** Data provided follows **
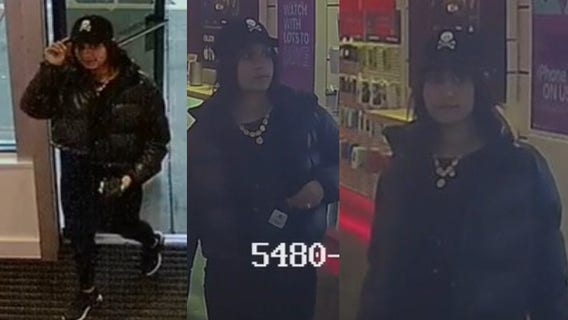 Deputies searching for woman in Bartow County iPhone theft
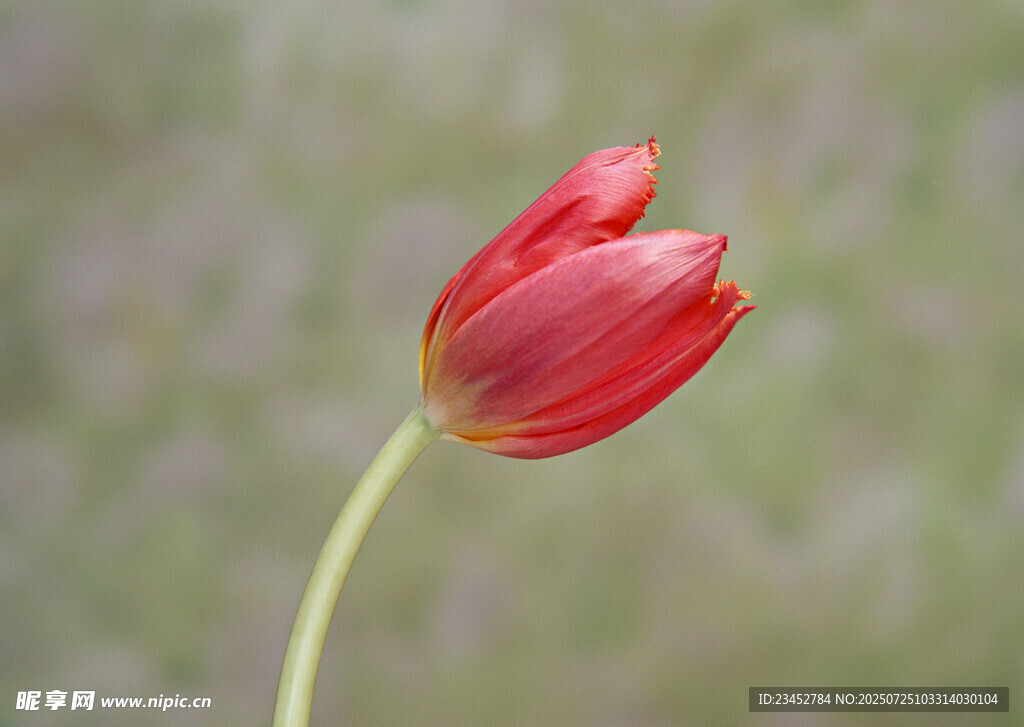 娇艳红色郁金香特写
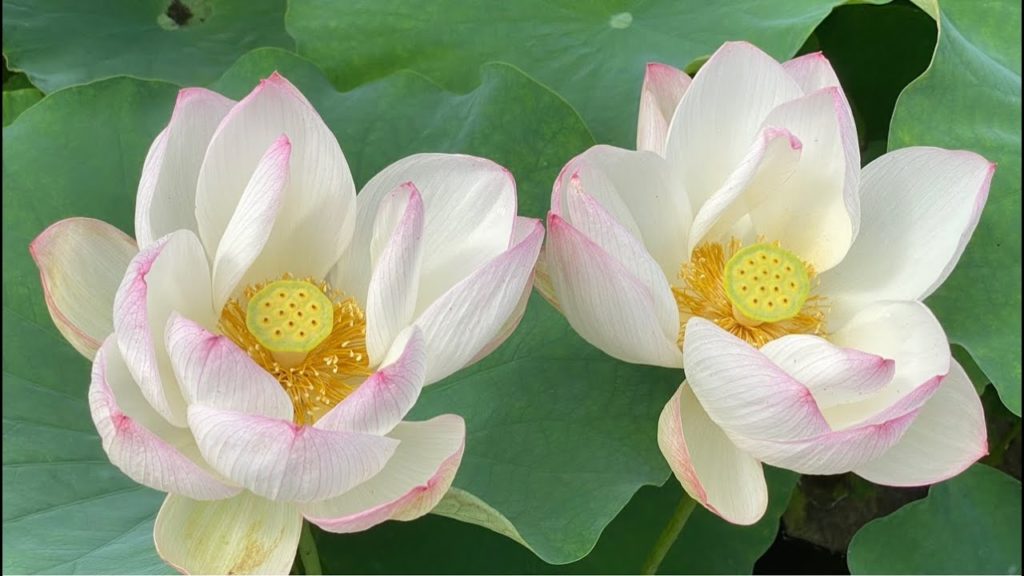 The First Lotus Flowers 🇯🇵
** End of Data provided **
## Exercise details
Quote everything in the listing above exactly; pictures are the only thing to omit.

## Solution for this problem
 Deputies searching for woman in Bartow County iPhone theft
 娇艳红色郁金香特写
 The First Lotus Flowers 🇯🇵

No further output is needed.